In the past the application lifecycle was all about products like Microsoft’s SMS and the ability to wrap applications as an MSI. Those packages could then be delivered to endpoints where individual unattended software installs happen natively. The magic was ultimately in the controlled administration within SMS / SCCM and the ability to remove or uninstall the deployed applications, thus maximizing efficiency within the enterprise desktop environment. Over the years various technologies attempted unsuccessfully to improve upon the MSI workflow.

Companies like Citrix optimized the “Application Remoting” concept, by hosting applications on centralized server workloads, while providing controlled remote access to users. This platform proved tremendously successful and has stood the test of time across countless enterprise environments.

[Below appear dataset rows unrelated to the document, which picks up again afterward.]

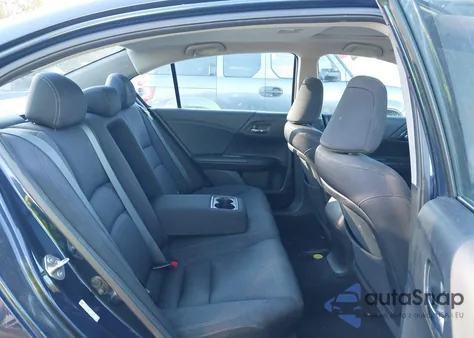 2014 Honda Accord Sport z USA, uszkodzony, nr VIN 1HGCR2F5XEA027095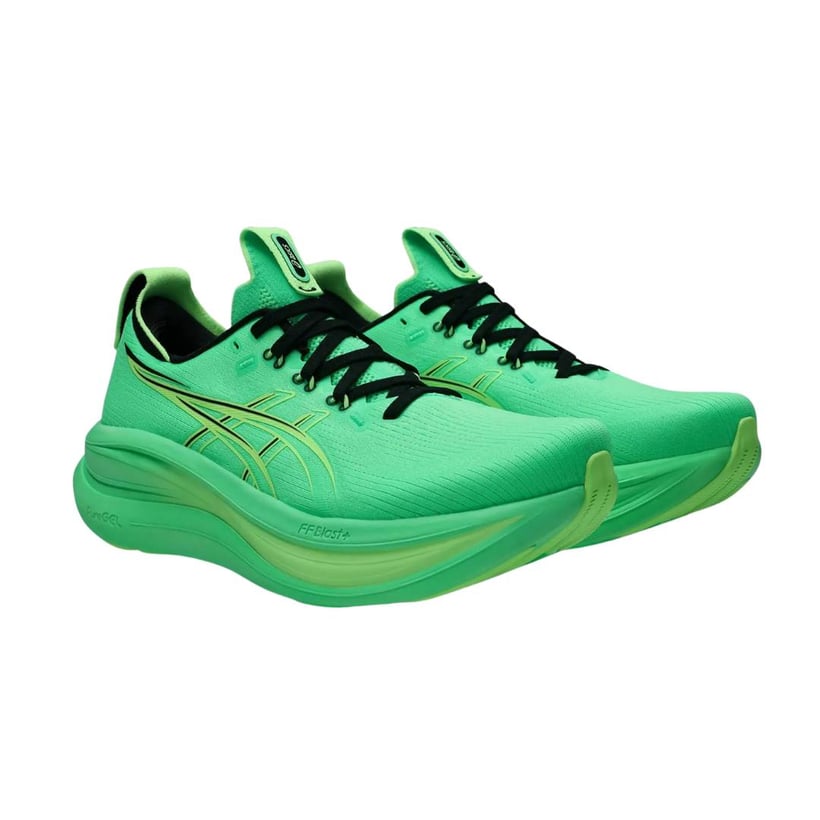 Buty Asics Gel-Nimbus 28 Zielone SS26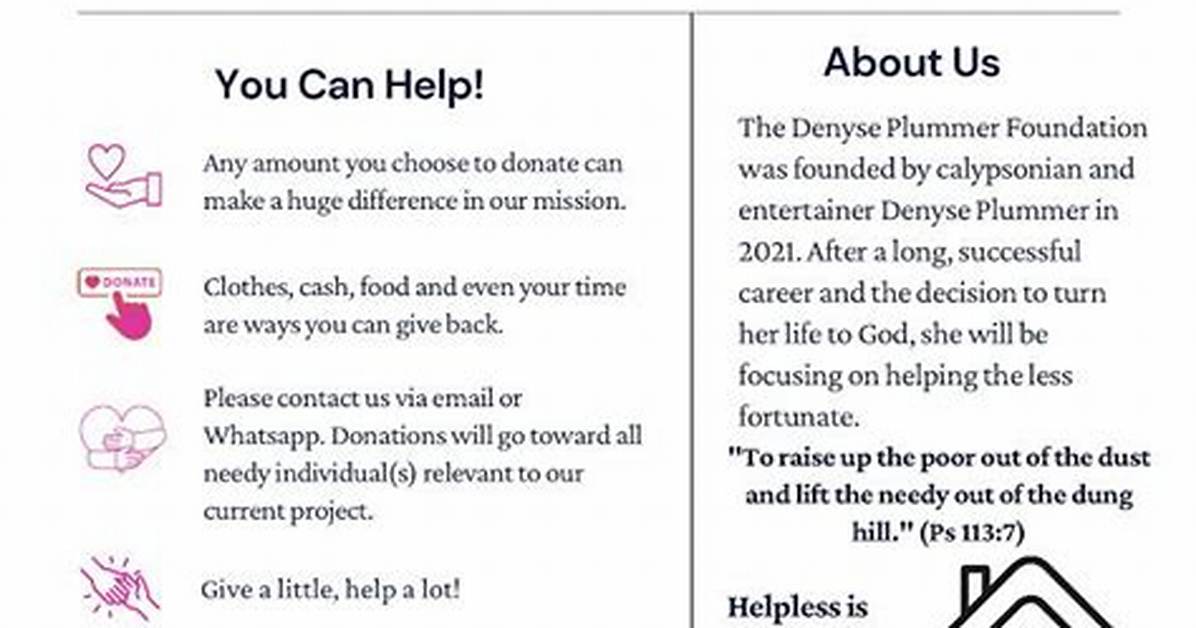 Denyse Plummer Children Does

The Application Virtualization concept emerged as a true game changer innovation and was quickly adopted by enterprise production environments. The ability to isolate individual applications from either, other applications as well as the operating system itself was and is truly impressive.

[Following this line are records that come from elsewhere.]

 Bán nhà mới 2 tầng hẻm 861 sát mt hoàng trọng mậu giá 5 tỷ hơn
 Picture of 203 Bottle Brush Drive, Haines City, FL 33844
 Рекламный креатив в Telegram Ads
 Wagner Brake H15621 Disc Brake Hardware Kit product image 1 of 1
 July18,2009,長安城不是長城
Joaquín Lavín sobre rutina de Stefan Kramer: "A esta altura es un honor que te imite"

Personally, I have survived / thrived through the Application Virtualization war. I started out as a Softricity / Microsoft SoftGrid architect and trainer. Which was exciting, until my company was acquired by VMware and overnight I was informed that I was now a ThinStall expert. Which then evolved into the VMware ThinApp platform of today. At first that felt like trying to be a Yankees and RedSox fan at the same time. For my European colleagues, that would be like trying to be a Manchester United and Chelsea fan at the same time. Awkward to say the least.

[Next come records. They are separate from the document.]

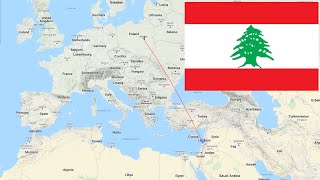 LEBANON (SpE FM DX radio)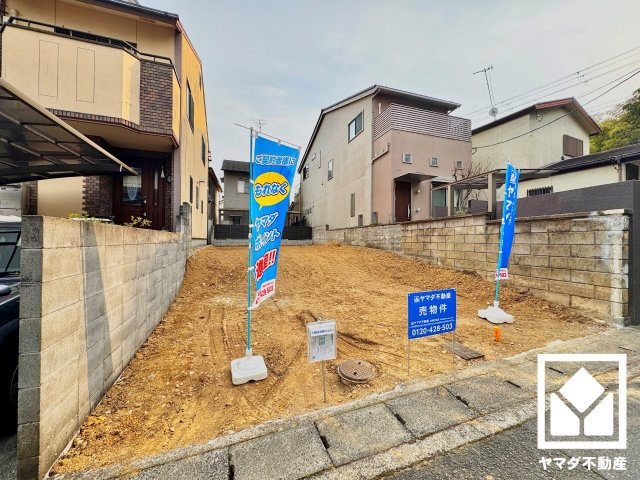 京都市北区西賀茂北鎮守庵町の外観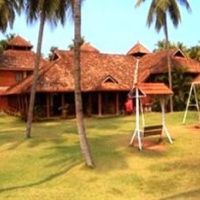 Отель Sree Gokulam Nalanda Resorts в городе Нилешварам, Индия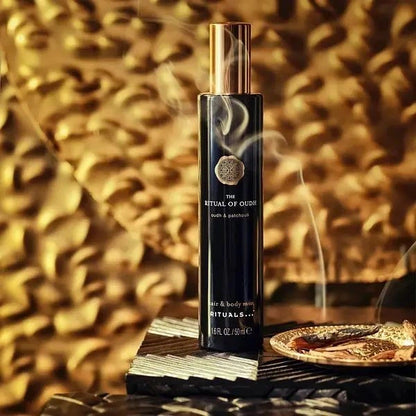 Міст для тіла The Ritual of Oudh, 50 мл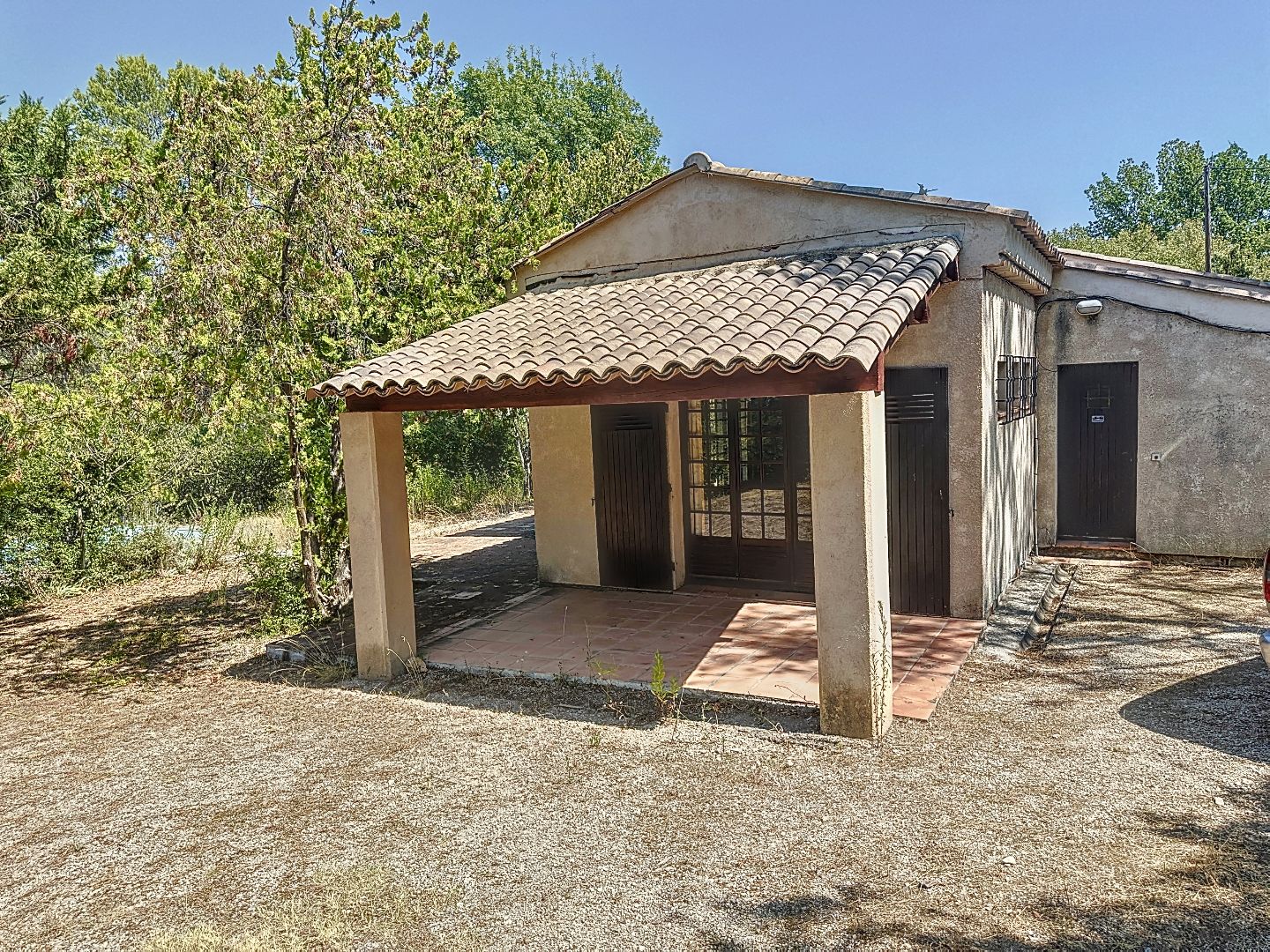 Maison à vendre  - 128m2 - Le Thoronet (83340)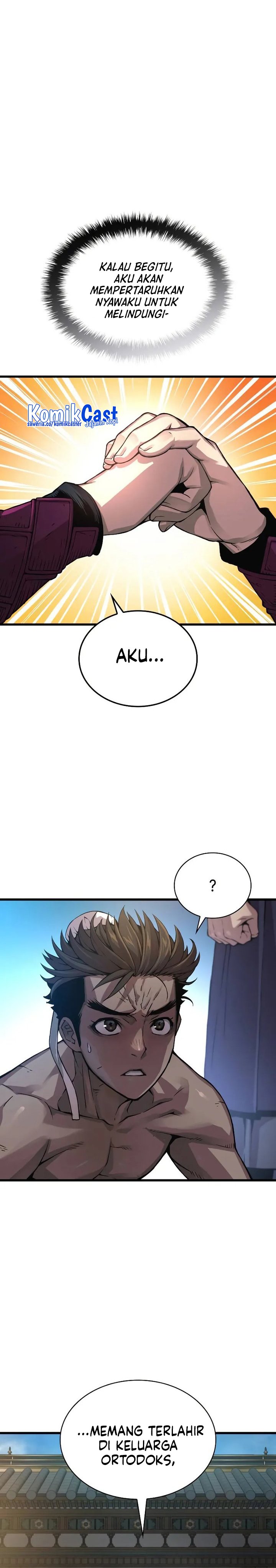 Myst, Might, Mayhem chapter 83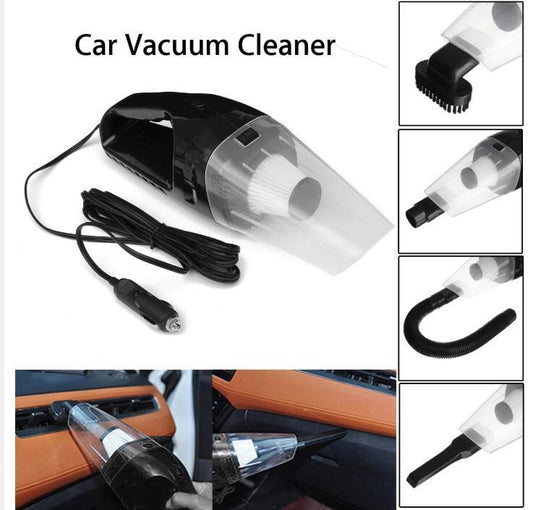Super Sucker - Portable vacuum cleaner
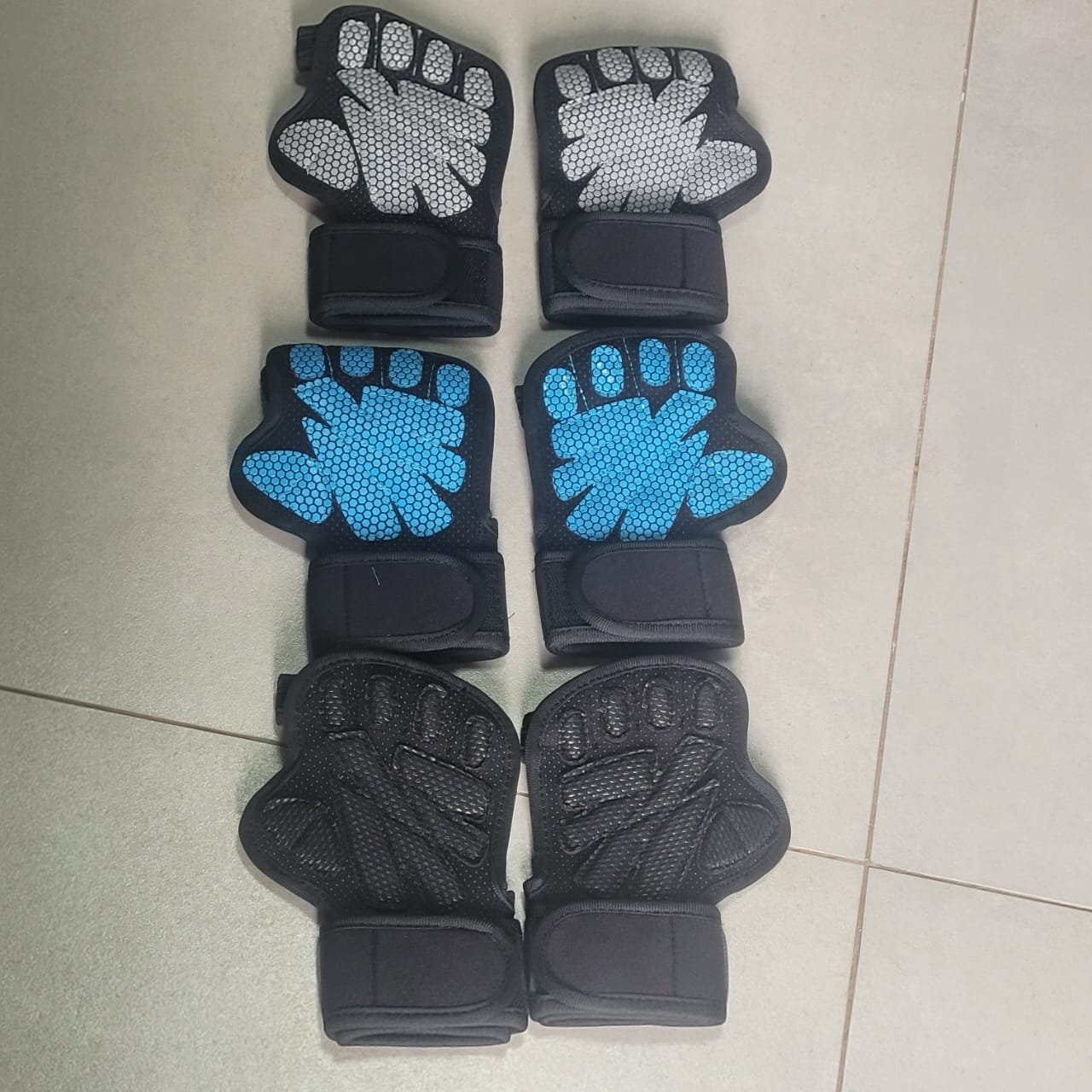 Wellgetfit Gym Gloves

Both products have merits, both products have success and failure stories across enterprises so I will simply say that Microsoft App-V and VMware ThinApp are the two clear market leaders in the application virtualization space. Application virtualization has earned its place in the EUC product space, plain and simple.

Application Layering has evolved of late to be a very intriguing and plausible option within the EUC product stack.

Application Virtualization

The goal of Application Virtualization solutions is to isolate the corresponding applications from both the host operating system as well as other applications. This is often achieved by creating a “bubble” or container that the application resides in. Inside this bubble, the application interacts with a proprietary unique mini “environment” that I have often described as an “answer engine”. Where, the application makes a request and gets an acceptable response, after which it functions normally.  Essentially the corresponding applications think that they are installed or configured on the native operating system, but in reality they are hovering just above the host operating system in this isolated virtual bubble.

The corresponding virtualized applications are often communicating with the host operating system through a natively installed agent. Normal functionality of the corresponding applications is maintained through standard operating system features like file associations and services.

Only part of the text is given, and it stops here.